# WHAT IS EXPECTED
Please give the whole listing again exactly, without any of its pictures.

# SUPPLIED DATA
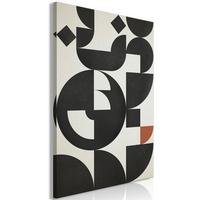 KUNSTDRUCK Schwarz 40/60 cm - Schwarz/Grau, Textil (40/60cm) - KUNSTLOFT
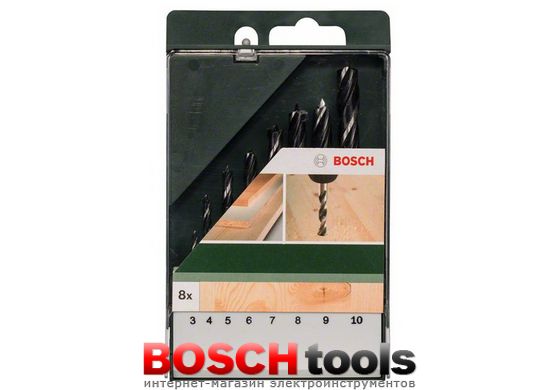 Набір гвинтових свердел Bosch для деревини з 8 шт.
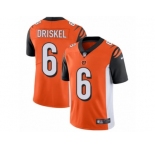 Men's Nike Cincinnati Bengals #6 Jeff Driskel Vapor Untouchable Limited Orange Alternate NFL Jersey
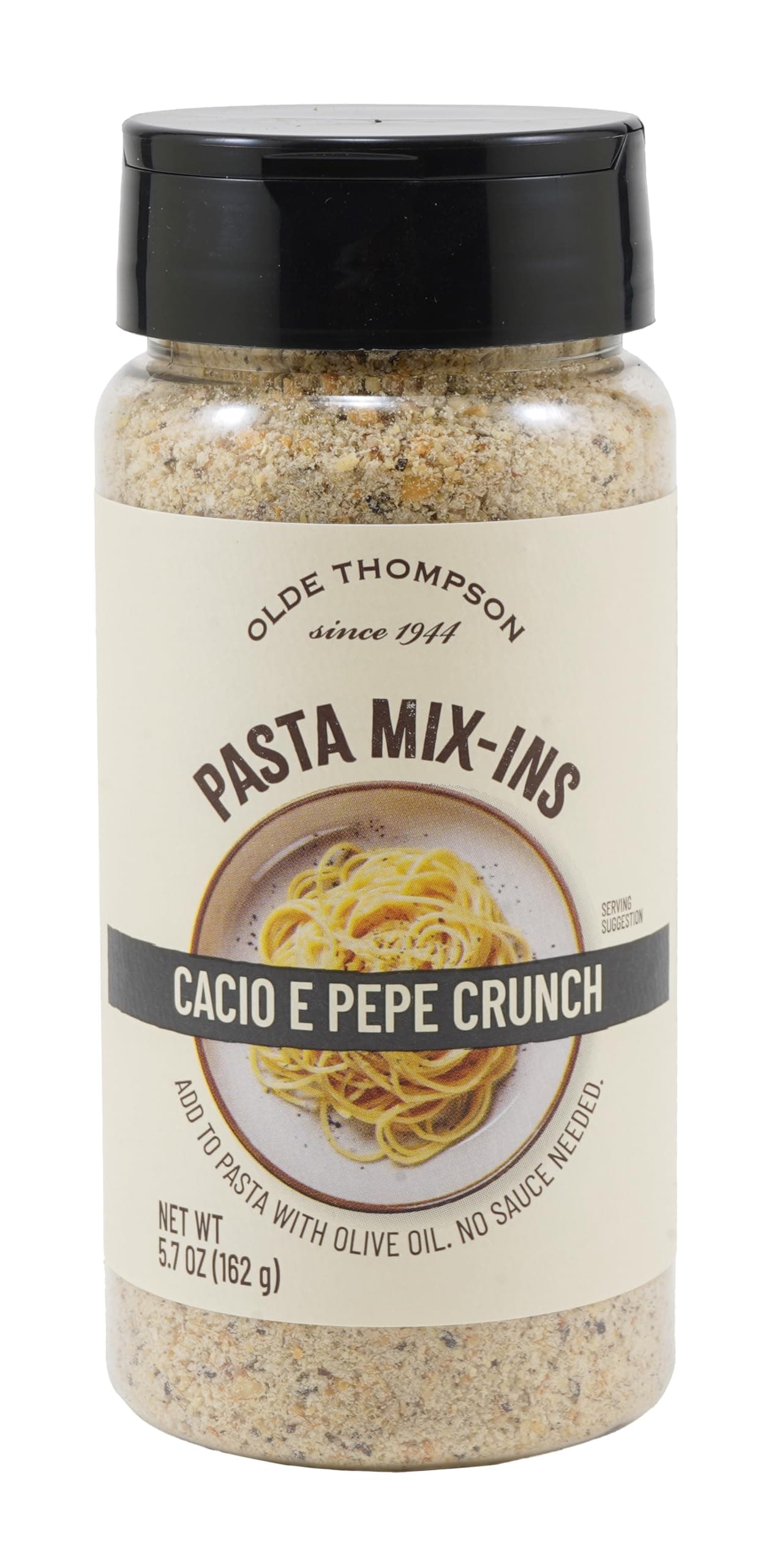 Olde Thompson Pasta Mix-Ins: Cacio E Pepe Crunch, Add to Pasta with Olive Oil, No Sauce Needed, 5.7 Ounce (Pack of 1)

# TASK RESPONSE
 KUNSTDRUCK Schwarz 40/60 cm - Schwarz/Grau, Textil (40/60cm) - KUNSTLOFT
 Набір гвинтових свердел Bosch для деревини з 8 шт.
 Men's Nike Cincinnati Bengals #6 Jeff Driskel Vapor Untouchable Limited Orange Alternate NFL Jersey
 Olde Thompson Pasta Mix-Ins: Cacio E Pepe Crunch, Add to Pasta with Olive Oil, No Sauce Needed, 5.7 Ounce (Pack of 1)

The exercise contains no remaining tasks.